BRIEF =
I would like every record reproduced exactly, with the pictures left out.

MATERIAL TO PROCESS =
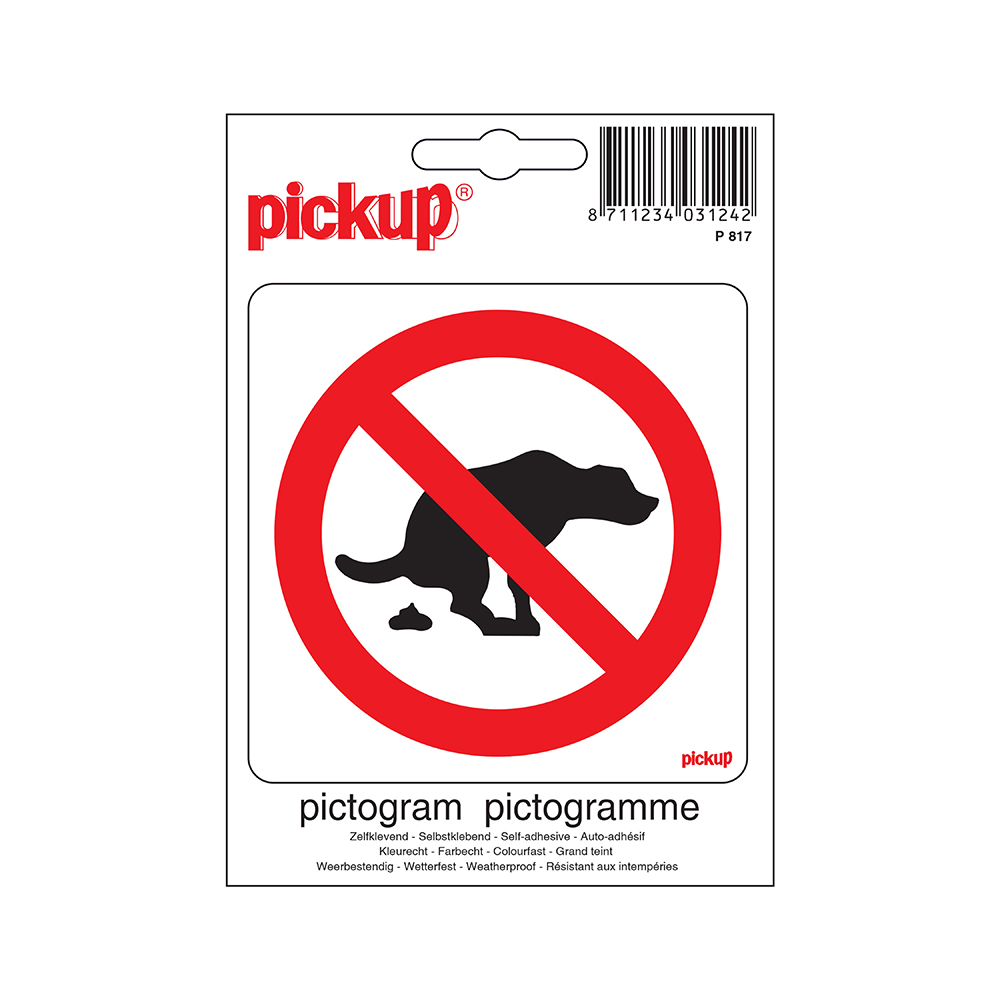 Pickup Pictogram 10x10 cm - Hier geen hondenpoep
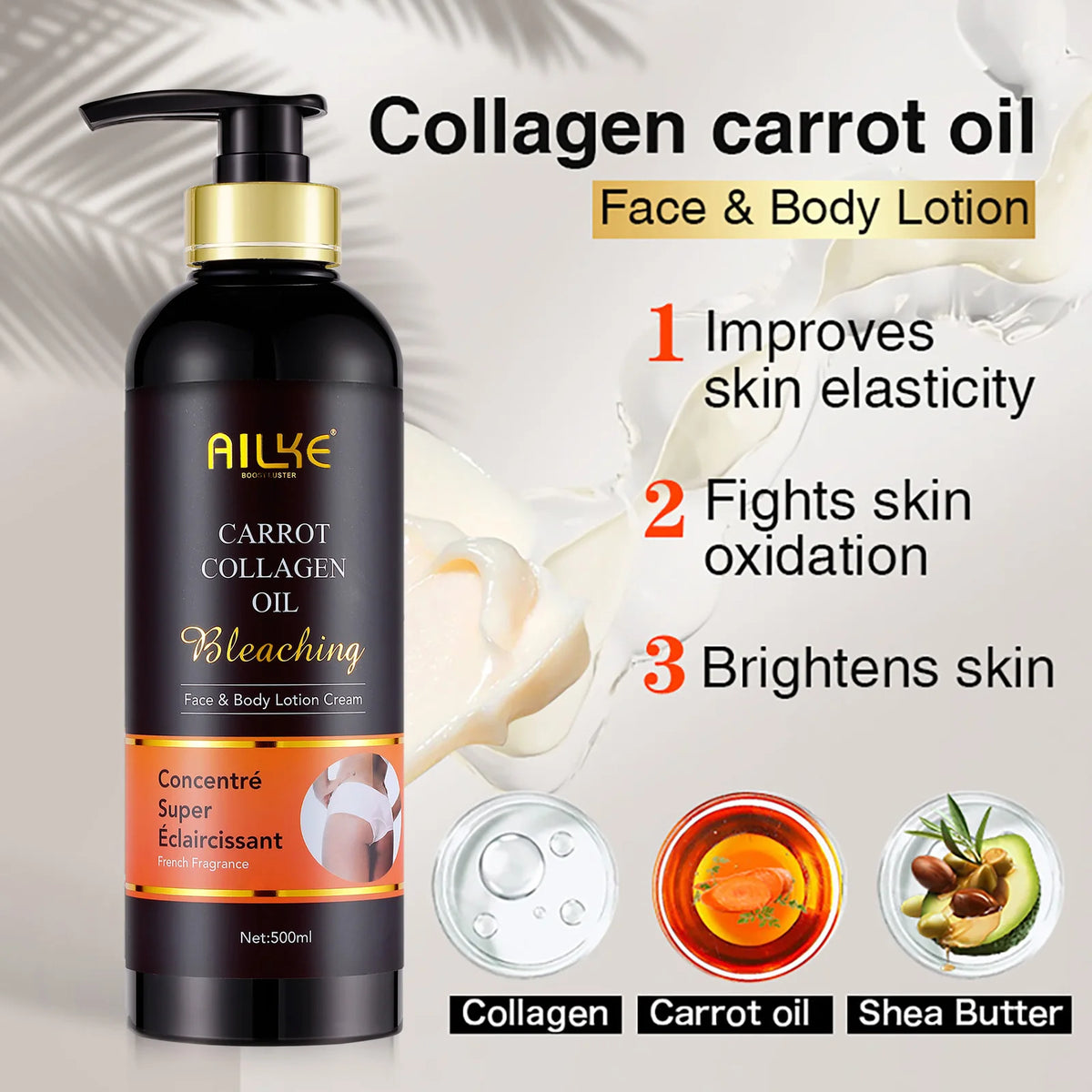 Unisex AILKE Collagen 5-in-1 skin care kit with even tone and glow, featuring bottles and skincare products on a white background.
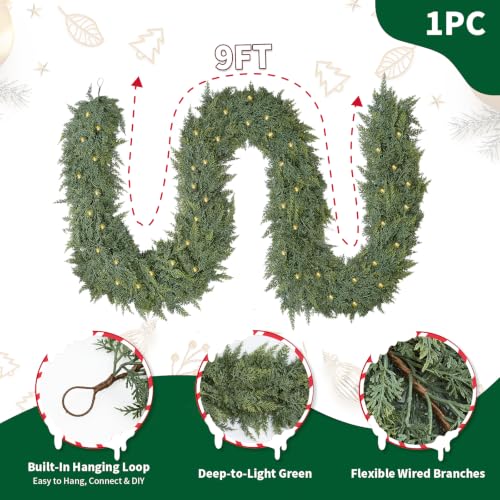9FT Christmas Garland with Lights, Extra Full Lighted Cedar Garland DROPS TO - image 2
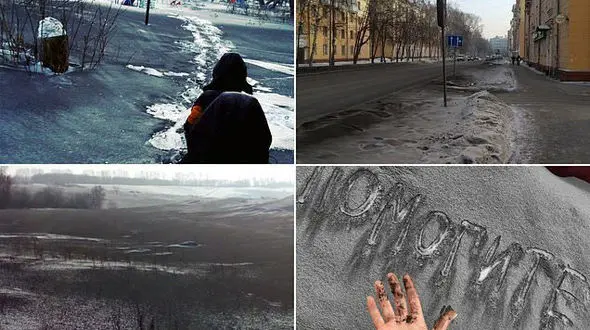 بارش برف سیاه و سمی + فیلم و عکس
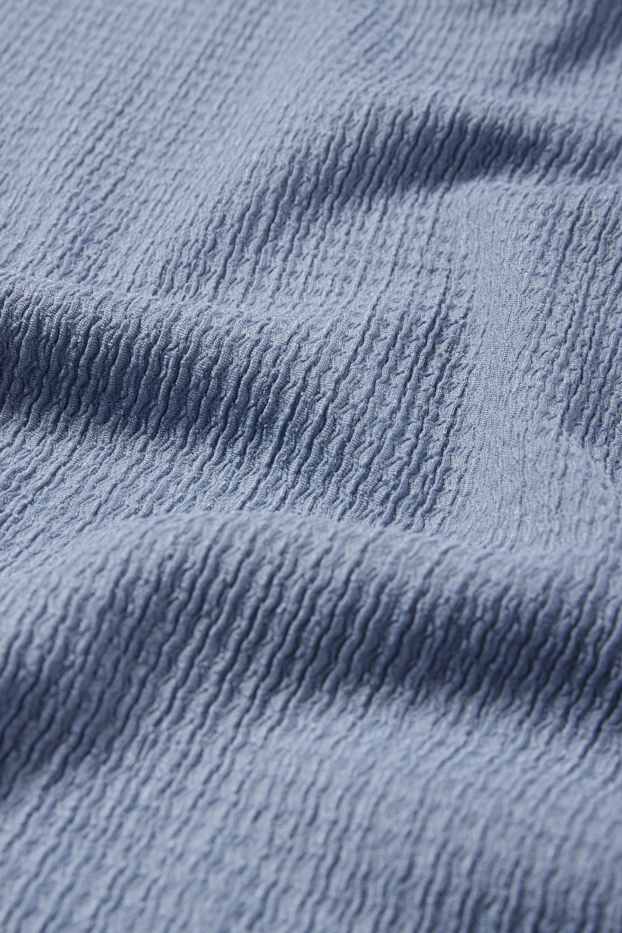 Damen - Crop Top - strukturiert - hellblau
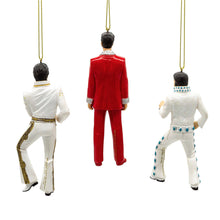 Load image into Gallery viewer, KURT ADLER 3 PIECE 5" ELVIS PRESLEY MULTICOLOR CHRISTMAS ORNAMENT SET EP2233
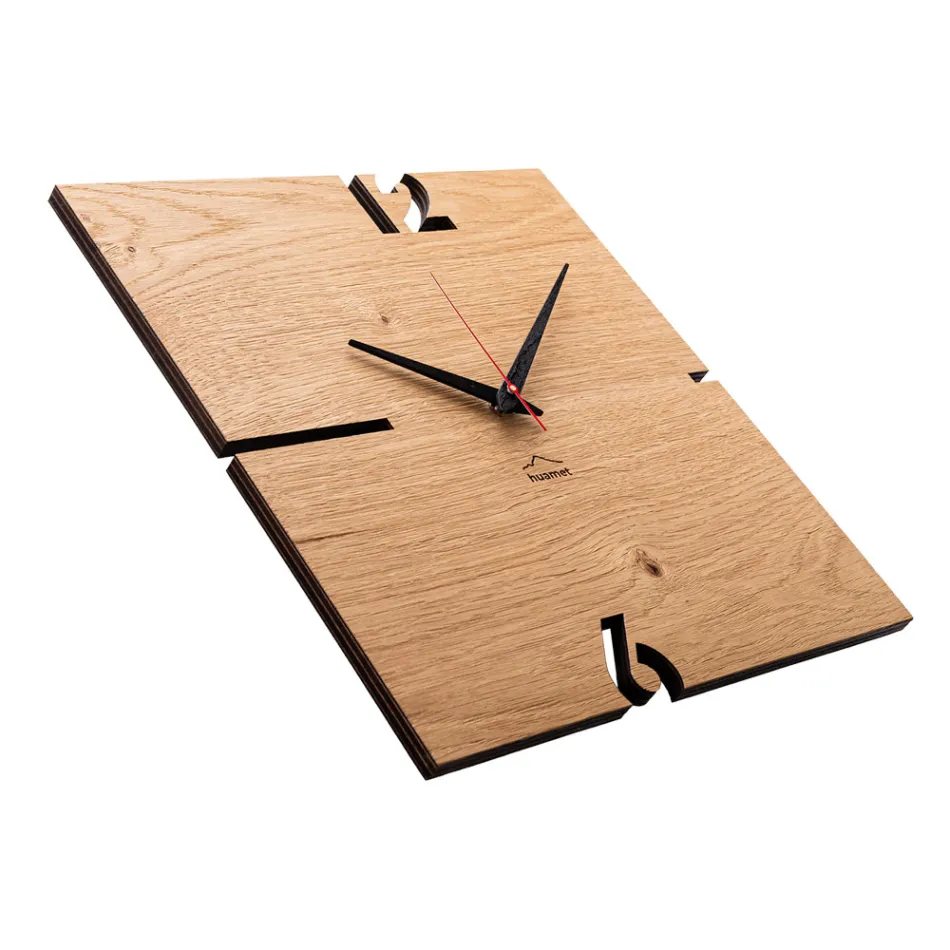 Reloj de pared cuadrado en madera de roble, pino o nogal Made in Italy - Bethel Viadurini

THE COMPLETED TASK =
 Pickup Pictogram 10x10 cm - Hier geen hondenpoep
 Unisex AILKE Collagen 5-in-1 skin care kit with even tone and glow, featuring bottles and skincare products on a white background.
9FT Christmas Garland with Lights, Extra Full Lighted Cedar Garland DROPS TO - image 2
 بارش برف سیاه و سمی + فیلم و عکس
 Damen - Crop Top - strukturiert - hellblau
 Load image into Gallery viewer, KURT ADLER 3 PIECE 5" ELVIS PRESLEY MULTICOLOR CHRISTMAS ORNAMENT SET EP2233
 Reloj de pared cuadrado en madera de roble, pino o nogal Made in Italy - Bethel Viadurini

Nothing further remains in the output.